Exclusion of cross-border healthcare from reimbursement

11. (1) Subject to this Regulation, the Health Service Executive may exclude certain cross-border healthcare from reimbursement under Regulation 10 based on overriding reasons of general interest, such as such as—

(a) planning requirements relating to the aim of ensuring sufficient and permanent access to a balanced range of high quality treatment in the State, or

(b) the wish to control costs, or to avoid, as far as possible, any waste of financial, technical and human resources.

(2) Any decision by the Health Service Executive to exclude cross-border healthcare under paragraph (1) shall be limited to what is necessary and proportionate and may not constitute a means of arbitrary discrimination or an unjustified obstacle to the free movement of goods, persons or services.

(3) The Health Service Executive shall notify the Minister within 15 days of a decision under paragraph (1) to exclude cross-border healthcare from reimbursement, in order that the Minister may notify the European Commission of such decision in accordance with Article 11(7) of the Directive.

Prior authorisation of cross-border healthcare

12. (1) The Health Service Executive may specify particular cross-border healthcare to be subject to prior authorisation in order to be eligible for reimbursement under Regulation 10, where it considers that the healthcare—

(a) involves planning requirements relating to the object of ensuring sufficient and permanent access to a balanced range of high quality treatment in the State, or the wish to control costs or avoid, as far as possible, any waste of financial, technical and human resources, and—

(i) involves overnight hospital accommodation of the insured person for at least one night, or

(ii) requires the use of highly specialised and cost-intensive medical infrastructure or medical equipment,

(b) involves treatments presenting a particular risk for a patient, or,

(c) is provided by a healthcare provider that, on a case-by-case basis, could give rise to serious and specific concerns relating to the quality or safety of the care, with the exception of healthcare which is subject to European Union legislation ensuring a minimum level of safety and quality throughout the European Union.

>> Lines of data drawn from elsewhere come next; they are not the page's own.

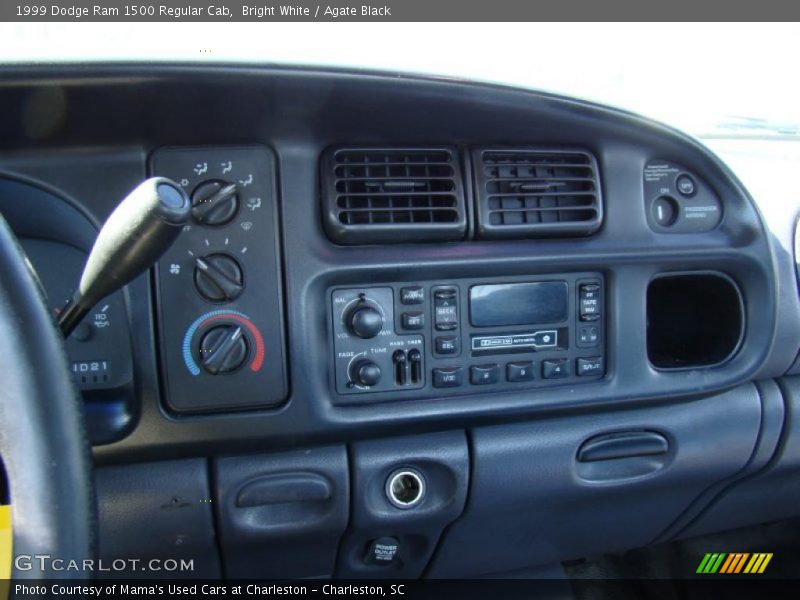 Bright White / Agate Black 1999 Dodge Ram 1500 Regular Cab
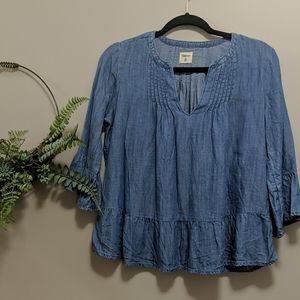 Gap flowy denim crop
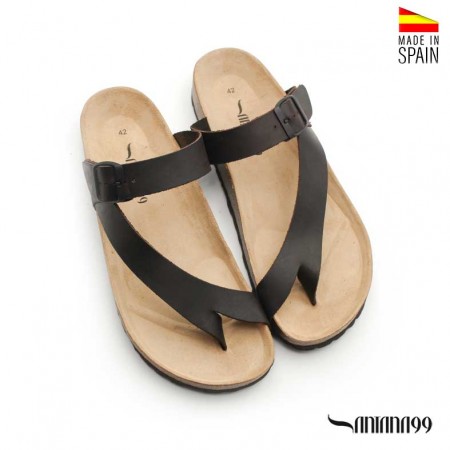 Sandalias bio cuero hombre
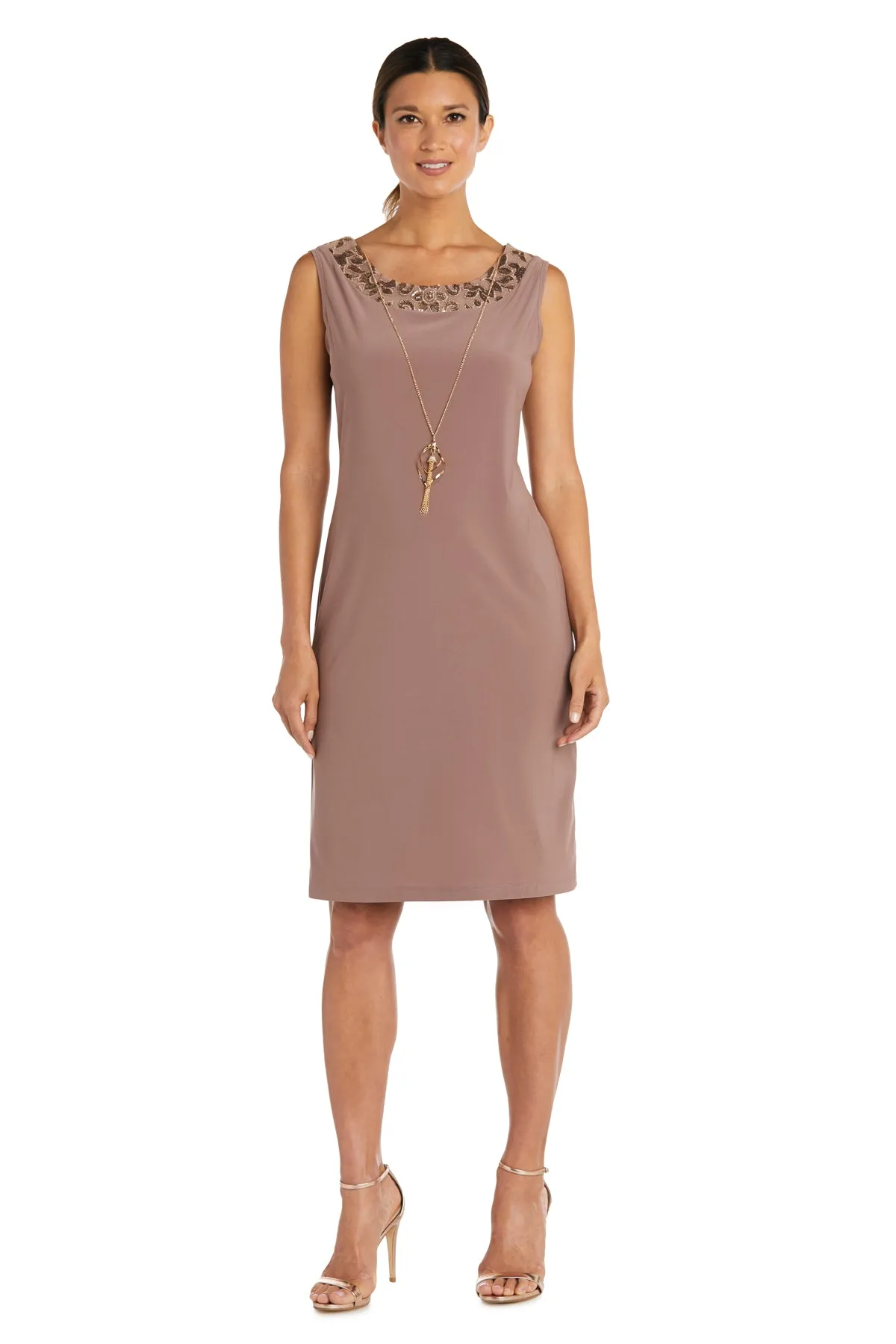 Two Piece Sequin Mesh Jacket Dress - Petite sold by R&M Richards product image thumbnail 3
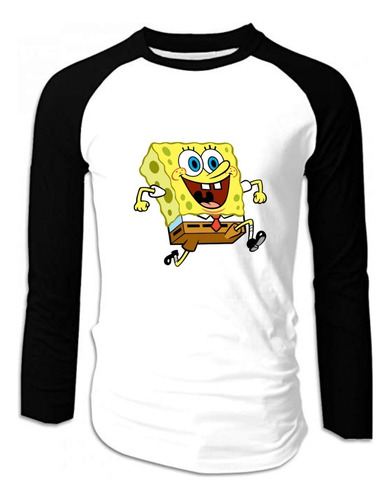 Camiseta Bob Esponja Manga Larga Camibuso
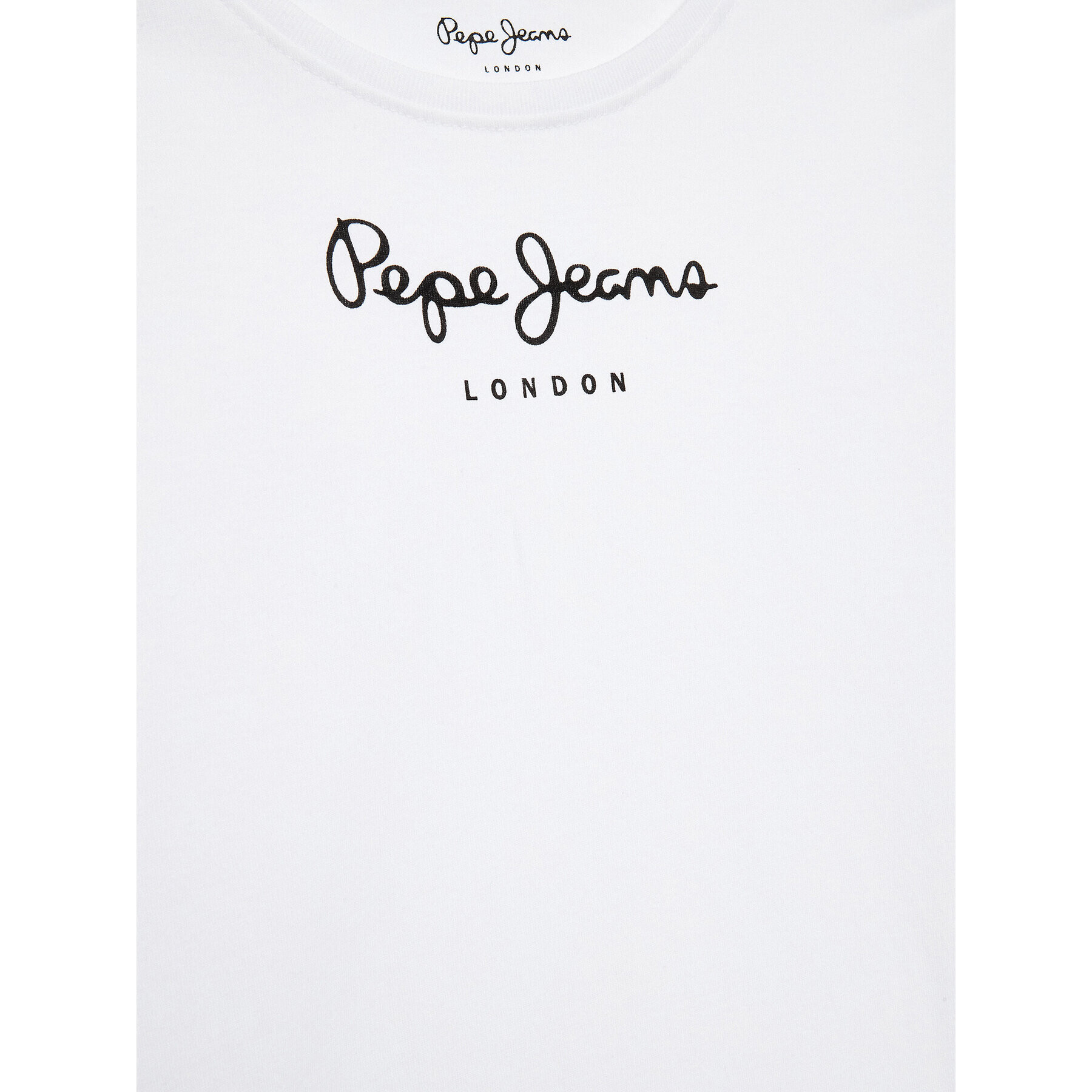 Pepe Jeans T-Shirt Wenda PG502960 Bílá Regular Fit - Pepit.cz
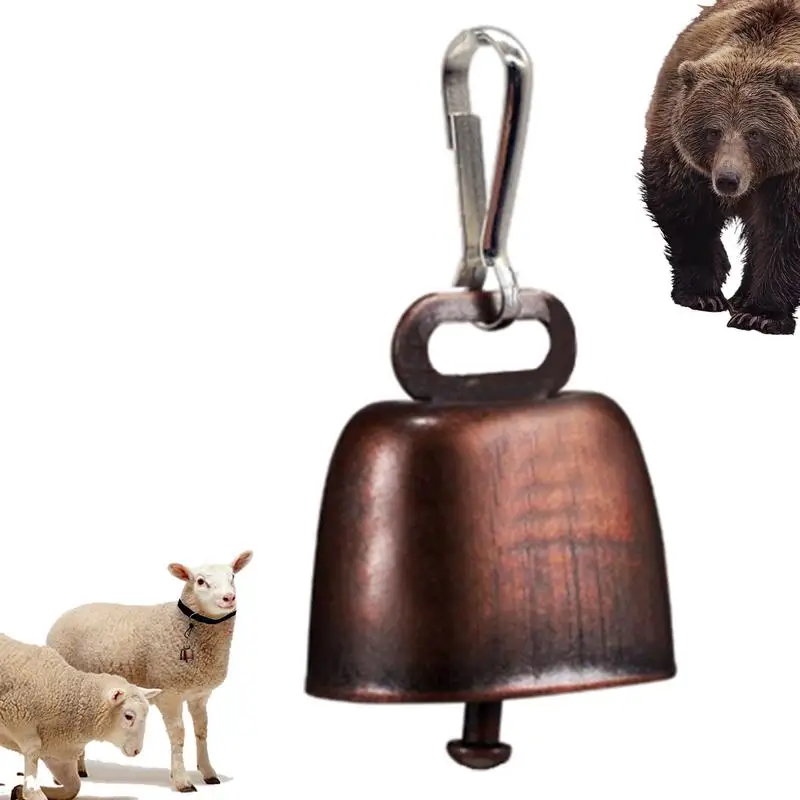 Loud Bear Warning Bells Bear Repelling Bell Portable Hiking Gear Fishing Bell Pets Hiking Bells For Fishing Travel Outdoor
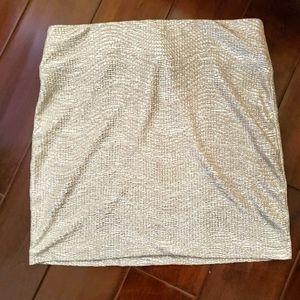 Fun, Gold & Sparkly BCBGeneration Mini Skirt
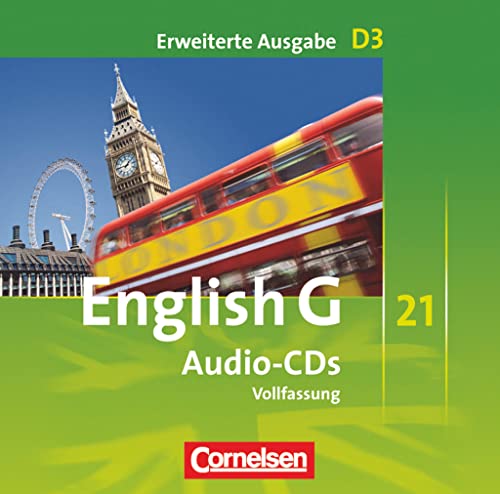 English G 21 - Erweiterte Ausgabe D - Band 3: 7. Schuljahr: Audio-CDs - Vollfassung von Cornelsen Verlag GmbH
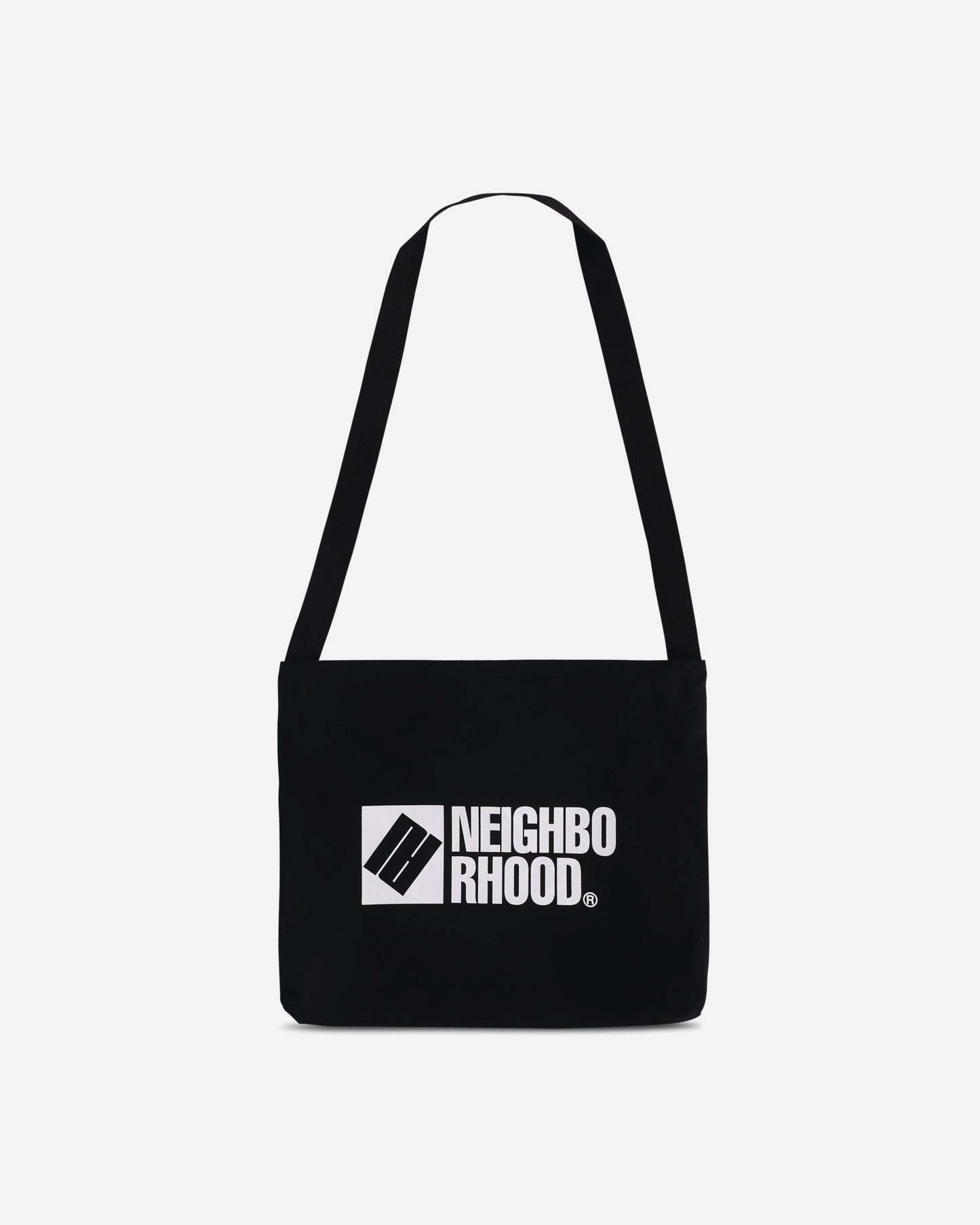 Neighborhood Logo Shoulder Bag Black Bags and Backpacks Shoulder Bags 261MYNH-CG02 BLACK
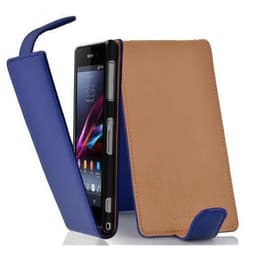 Sony Xperia Z1 COMPACT Flipfodral Skal (Blå)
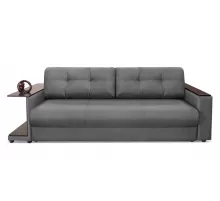 Диван прямой Анкона А Серый рогожка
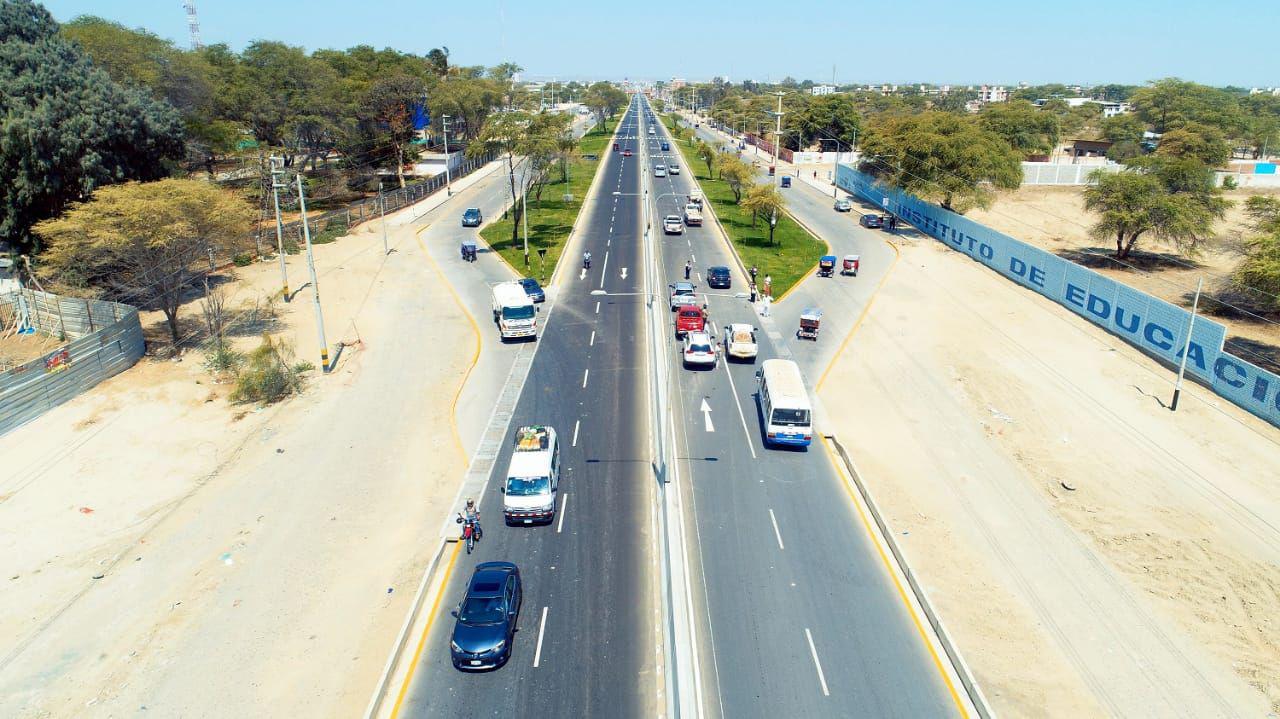La modernización de la vía, que es la más importante de la ciudad de Piura, requirió una inversión de S/ 94 millones. (Foto: Difusión)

(2) Where a patient resident in the State is seeking to be provided with cross-border healthcare in another Member State which is specified under paragraph (1) as being subject to prior authorisation from the Health Service Executive, he or she shall not be entitled to reimbursement under Regulation 10 unless he or she applies for, and is granted, prior authorisation from the Health Service Executive under this Regulation.

(3) The Health Service Executive shall decide and make available the form in which an an application for prior authorisation must be made, and the information which must be provided in support of such an application.

(4) Subject to subsection (5), the Health Service Executive shall grant prior authorisation for reimbursement in respect of the costs of cross-border healthcare to be provided to a patient resident in the State where the healthcare is specified under paragraph (1) as being subject to prior authorisation and the Health Service Executive is satisfied that—

(a) the patient concerned is entitled under the Health Acts 1970 to 2013 (as amended) to the requested healthcare,

(b) the requested healthcare is necessary to treat or diagnose a medical condition of the patient resident in the State, and

(c) the requested healthcare is the same as, or equivalent to, healthcare that would have been made available to the patient in the State, in the particular circumstances of the patient.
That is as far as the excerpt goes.